Director-General QU Dongyu

FAO renews commitment to Africa’s Great Green Wall

07/09/2020

07 September 2020, Rome - Accelerating work on the Great Green Wall, which aims to combat desertification across Africa, is key for climate and environmental reasons and also to “make people have a better life”, FAO Director-General QU Dongyu said today.

The ambitious project aims to restore 100 million hectares of land around the Sahel desert belt by 2030. “Every single hectare counts and must be counted,” the Director-General said at a high-level ministerial meeting held to assess progress and renew commitments to the project.

“The Great Green Wall is a beacon initiative that addresses the multiple, complex and interconnected environmental and socio-economic challenges facing Africa,” Qu said. United Nations Environment Executive Director Inge Andersen echoed the remarks, urging that the Great Green Wall be seen as a “growth corridor” helping people who otherwise struggle to make their daily bread in harsh local conditions. “The vision is much bigger than it seems – it’s about peace… about growing hope,” she said.

Amina Mohammed, Deputy Secretary General of the United Nations, opened the meeting with a pledge of UN support for the 11 countries partnering in what she called a “must and can-do initiative” that will “change the lived realities of millions of people.”

The Virtual Ministerial Conference on the Great Green Wall, organized by the United Nations Convention to Combat Desertification (UNCCD), launched the Great Green Wall Implementation Status and Way Ahead to 2030 report. So far about 18 million hectares have been restored, with an estimated 11 million people benefiting from the efforts, over 350,000 jobs were created and around USD 90 million in revenues were generated from 2007 to 2018. The restored area is expected to sequester over 300 MtCO2 out to 2030, which would represent roughly 30% of the envisioned target for the GGW.

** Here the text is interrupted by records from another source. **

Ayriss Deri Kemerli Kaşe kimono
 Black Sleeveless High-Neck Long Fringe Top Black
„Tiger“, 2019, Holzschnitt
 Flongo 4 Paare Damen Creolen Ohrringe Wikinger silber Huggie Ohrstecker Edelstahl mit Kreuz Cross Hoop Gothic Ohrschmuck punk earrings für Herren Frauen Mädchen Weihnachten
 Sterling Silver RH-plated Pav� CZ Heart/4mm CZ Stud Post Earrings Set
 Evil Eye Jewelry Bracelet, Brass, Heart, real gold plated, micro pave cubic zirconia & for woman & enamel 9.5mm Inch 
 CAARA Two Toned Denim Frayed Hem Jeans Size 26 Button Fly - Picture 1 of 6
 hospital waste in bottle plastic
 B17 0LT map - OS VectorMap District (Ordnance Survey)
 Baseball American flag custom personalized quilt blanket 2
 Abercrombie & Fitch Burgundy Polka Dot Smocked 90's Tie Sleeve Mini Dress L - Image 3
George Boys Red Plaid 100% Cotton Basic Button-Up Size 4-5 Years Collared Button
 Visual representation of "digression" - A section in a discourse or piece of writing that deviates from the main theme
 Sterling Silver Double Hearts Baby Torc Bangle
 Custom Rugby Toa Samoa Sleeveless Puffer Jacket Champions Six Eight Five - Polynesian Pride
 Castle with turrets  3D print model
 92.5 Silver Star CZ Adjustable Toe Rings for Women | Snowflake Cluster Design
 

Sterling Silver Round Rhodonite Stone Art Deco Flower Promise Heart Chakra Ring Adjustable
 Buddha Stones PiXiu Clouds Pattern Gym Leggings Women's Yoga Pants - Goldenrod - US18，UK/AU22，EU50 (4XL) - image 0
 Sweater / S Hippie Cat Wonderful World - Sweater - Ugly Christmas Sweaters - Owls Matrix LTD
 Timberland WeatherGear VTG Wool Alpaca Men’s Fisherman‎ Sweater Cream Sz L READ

The initiative has also helped to reduce rural poverty and create close to 120 000 jobs in farm-related activities, including adding value to local products. Over 220,000 people received training on sustainable production of agro-pastoral and non-timber products, benefitting the shift to more responsible consumption and production. The results achieved so far, especially given the poor soils of the region, suggest that land restoration is a cost-effective way to bolster income opportunities for rural livelihoods everywhere, said Ibrahim Thiaw, Executive Secretary of the United Nations Convention to Combat Desertification, who hostedand moderated today’s meeting.

However, the project has been plagued by poor coordination and above all by what the new implementation report described as an “insufficient, unpredictable and insecure funding basis”.

Achieving the target by 2030 will require a faster pace in restoring land (8.2 million hectares every year) and about yearly financing of $4.3 billion. Representatives of numerous international financial institutions, including the World Bank, the African Development Bank, the International Fund for Agricultural Development and the West African Development Bank participated in the meeting, along with ministers from many African countries and Josefa Sacko, African Union Commissioner for Rural Economy and Agriculture, as well as representative of key donors such as France and the European Union.

The Great Green Wall envisions an 8 000-kilometer corridor of ecological restoration stretching across 11 countries, all members of the Pan-African Agency of the Great Green Wall: Burkina Faso, Djibouti, Eritrea, Ethiopia, Mali, Mauritania, Niger, Nigeria, Senegal, Sudan and Chad.

FAO’s Director-General noted a number of key areas where the Organization has assets critical to the initiative’s success, including modern geospatial technologies and the WaPOR remote-sensing platform to assess water productivity. “Large-scale restoration work, underpinned by innovative and cutting-edge data collection and monitoring, promotes environmental recovery, improves livelihoods and increases regional cooperation,” he said.

He also emphasized how FAO can help with resource mobilization due to its expertise in working closely with institutions such as the Green Climate Fund, whose executive director, Yannick Glemarec, spoke at today’s meeting, and the Global Environment Facility. Success will depend on scaling up financing, which depends on “reducing investment jitters” by making the social, economic and environmental dividends of investments in land restoration more visible, the Director-General said.